Public Archaeology and Participation
Komana archaeological research project put educational programs for women and children in the center of heritage conservation activities.
Systematic investigation into the needs of the community was conducted and priorities were identified. Accordingly, additional activities to support the local communities in terms of rural development were organized. All activities assumed the aim of increasing awareness of the community regarding Komana with a future goal of increased appropriation and protection. The efforts were warmly welcomed by both the rural communities and the local government.

Small scale education programs evolved into participatory action research with the intention to achieve long lasting success in raising heritage awareness and protection of the archaeological site. The short term success of these efforts is varied however they have led our team to think deeper into relevance, community engagement, ownership, benefit, and the role of the archaeologist within this very complicated dialogue with the public.

Activities:

1. In 2010, Ten primary school kids, ages between 8 and 13, were offered archaeology and art history lectures, they were taken to the field for a visit, experienced excavation first-hand through mock trenches prepared in the garden of the house and attended an arts workshop on "Art through the Ages" resulting in an exhibition. (supervisors: Mina Şentek, Zeynep Şentek)

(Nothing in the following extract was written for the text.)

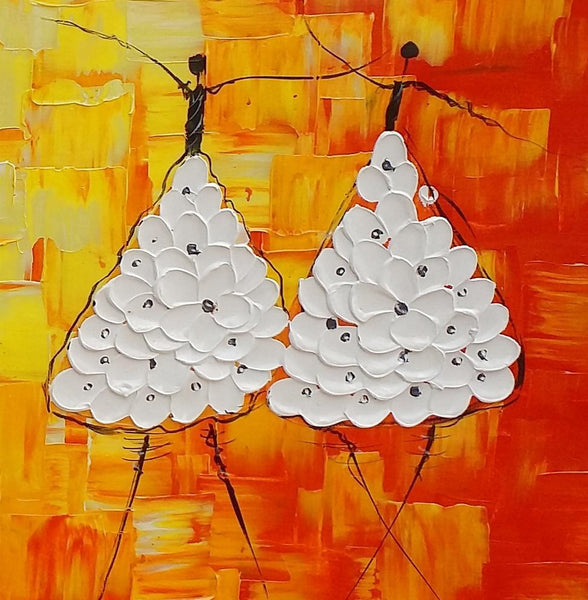 Simple Modern Art, Living Room Canvas Painting, Ballet Dancer Painting, Acrylic Painting on Canvas, Abstract Painting for Sale-LargePaintingArt.com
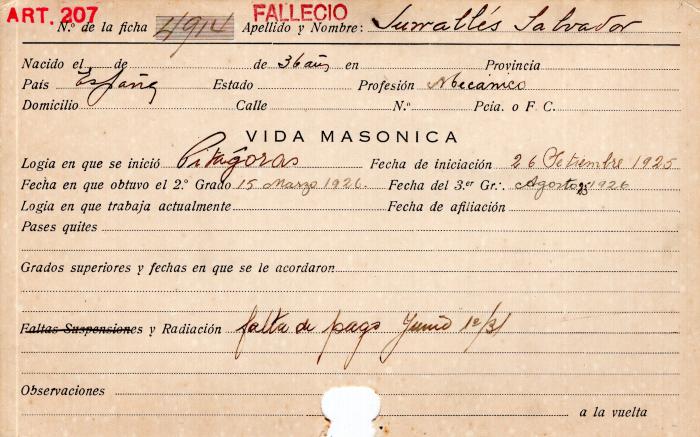 Ficha de miembro de Salvador Jurrallés.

2. In 2012, three workshops were held with 14 children ages between 7 and 15. (supervisors: Anıl Ilgaz and Coşku Kocabıyık)

- The first workshop was an exercise to stimulate imaginative thinking regarding the past. It involved a trip to the site, interviews with the elderly in their village on daily life, and a meeting to share the information they collected during the site visit and the interviews with each other. They were asked to form groups for writing their story of the past. The stories were enacted by children who sewed costumes and made props inspired by their stories and the accumulated knowledge.

- In the second workshop cakes with archaeological layers were eaten during which stratigraphy and excavation techniques were discussed.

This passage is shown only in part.